There were a few Stonechats around, but only one perched up for a rattle of the shutter.
It worked wonders. I didn't see anything particularly special, but Buckenham was full of life. Big flocks of Wigeon and Lapwing. A mixed flock of geese that included 70 White-fronted, 2 Taiga Bean and a score of feral Barnacle. Marsh Harriers passing through en route to their Strumpshaw roost. A Water Pipit, albeit distant. Two Chinese Water Deer, fanged and fearless. A male Peregrine, lounging on the pastures for much of the time, but also zipping overhead within whoosh-of-wings distance.

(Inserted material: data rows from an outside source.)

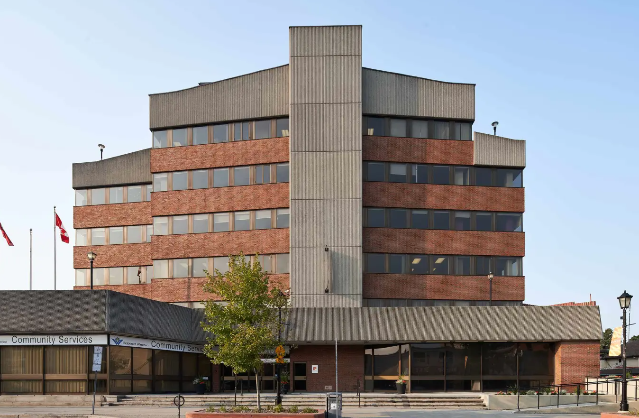 235 King St E, Kitchener, ON à louer - Photo de l’immeuble – Image 3 sur 5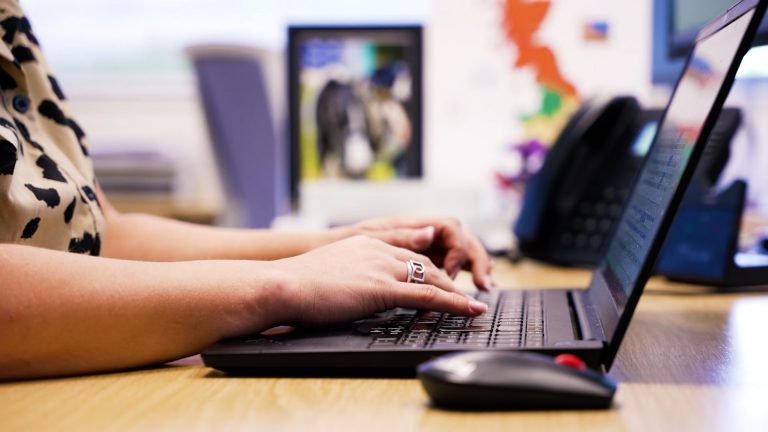 Laptop email websites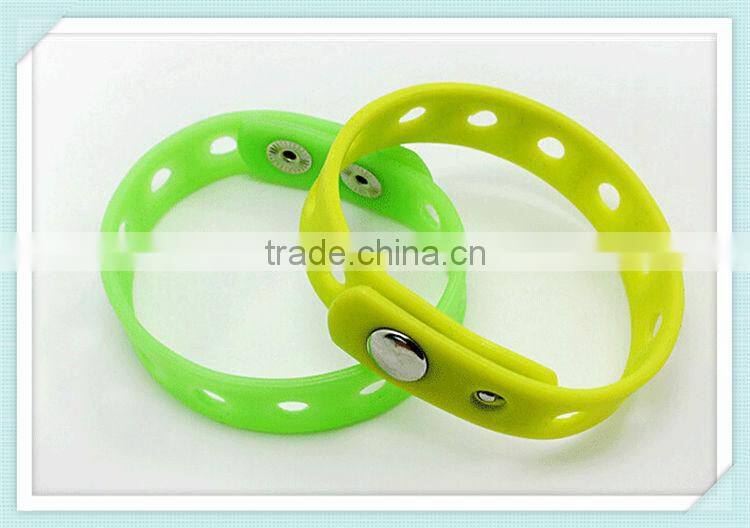 adjustable silicone rubber bracelet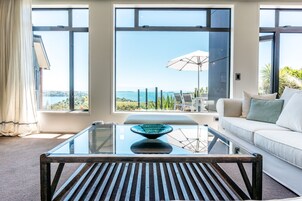 Colchones con pillow-top y caja de seguridad en la habitación 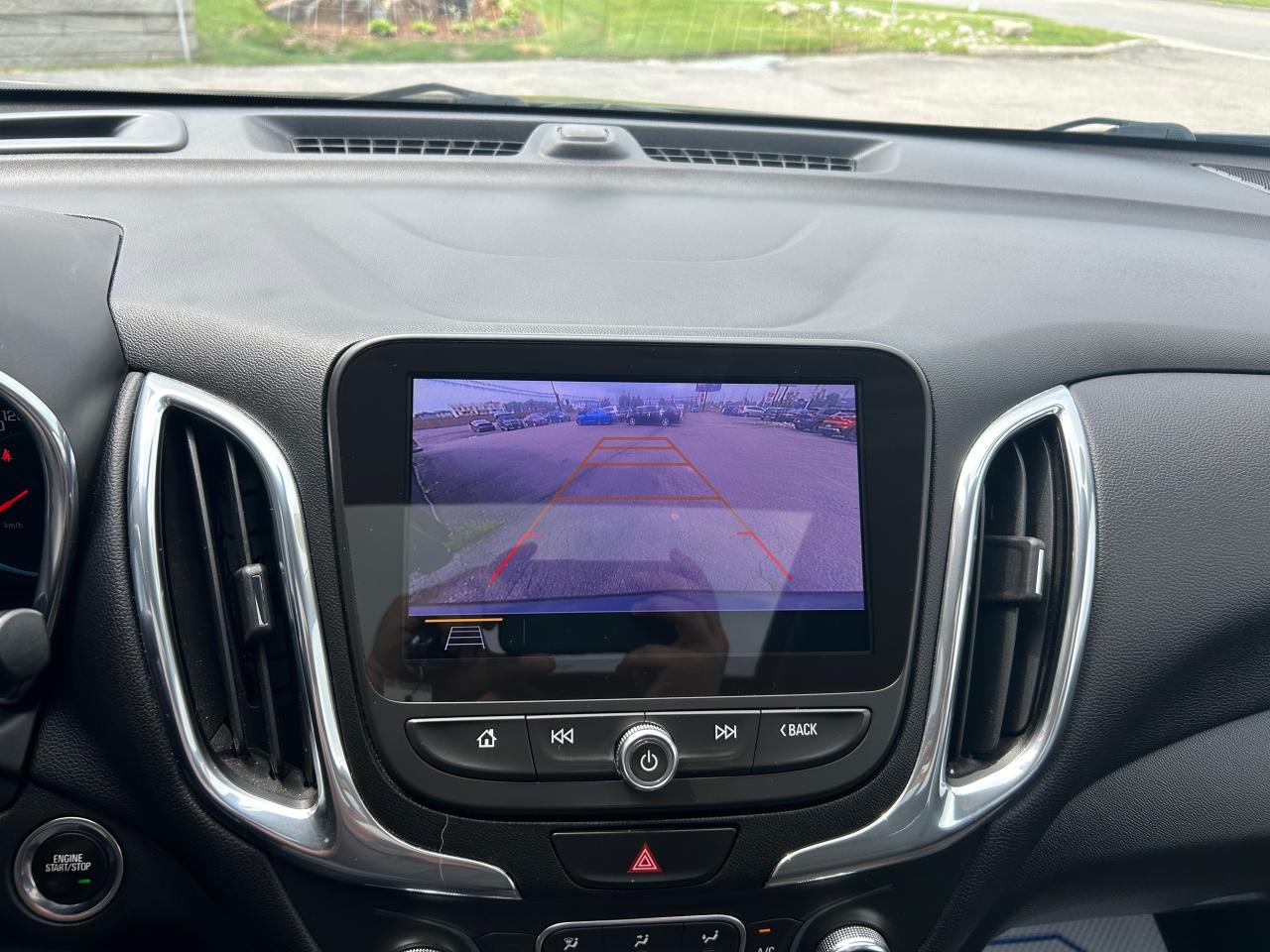 2020 Chevrolet Equinox LT - Photo #17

Red Kites are an increasingly regular sight in Norfolk, but I had not previously seen one on saltmarsh - rather odd, in all honesty. But that made it all the more enjoyable.
Five Red-breasted Mergansers and a male Goldeneye were the only birds that drifted in with the rising tide. One male merganser did an impressive flypast. Unfortunately, my settings (ISO400, f8, 1/400 sec) were designed for a swimming bird, rather than flying - so I failed to nail it.
Diver clearly absent (although it returned the following day; doh), Robin and I headed off to New Cut to have a look for the Red-necked Grebe. By the time we arrived, the good light had turned bad. Robin and I secreted ourselves 100m apart in the suaeda, and waited for the grebe to swim close enough to have a pop (pap?). Had the light been better, I'm sure I would have done better - but these were nevertheless my finest views of Red-necked Grebe for years (probably decades). Worth another trip, I suspect.
A ringtail Hen Harrier, perhaps two, cruised along the Point and the marsh south of it. One was buzzed by a young Peregrine: quite a spectacle.